*WORK ORDER*.
Copy word for word the lines in the records below, starting at the line with "Gracyn Single Vanity, w/" and ending at the line with "Female face framed". Skip the pictures.

*DATA FOR THIS EXERCISE*.
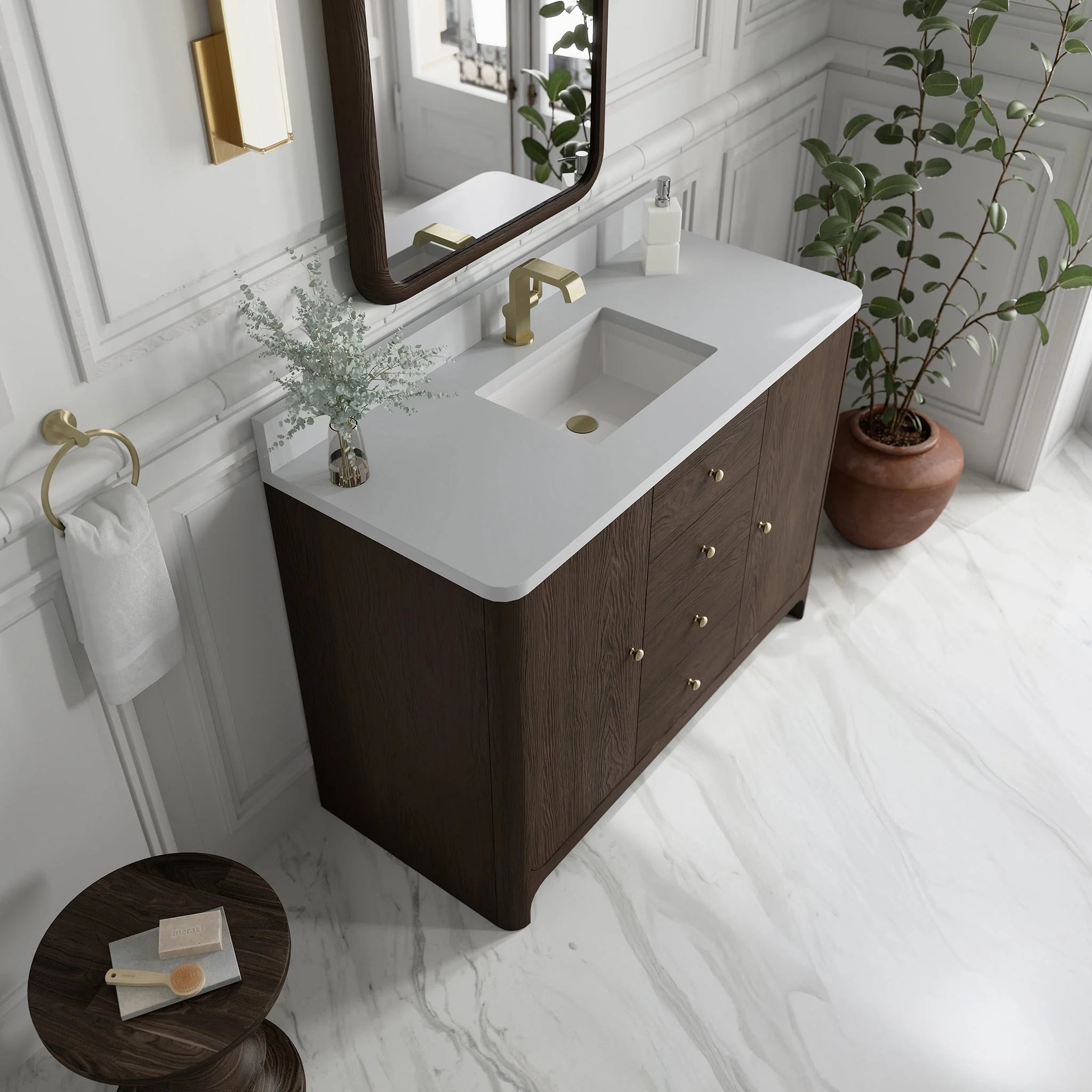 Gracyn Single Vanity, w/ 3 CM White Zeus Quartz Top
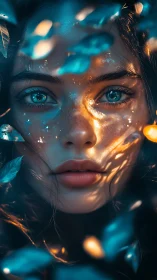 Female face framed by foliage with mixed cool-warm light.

---

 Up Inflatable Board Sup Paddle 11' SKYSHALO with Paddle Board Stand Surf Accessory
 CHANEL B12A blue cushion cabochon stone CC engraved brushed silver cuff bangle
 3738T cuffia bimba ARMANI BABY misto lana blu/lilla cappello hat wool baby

*ANSWER TO THE EXERCISE*.
 Gracyn Single Vanity, w/ 3 CM White Zeus Quartz Top
 Female face framed by foliage with mixed cool-warm light.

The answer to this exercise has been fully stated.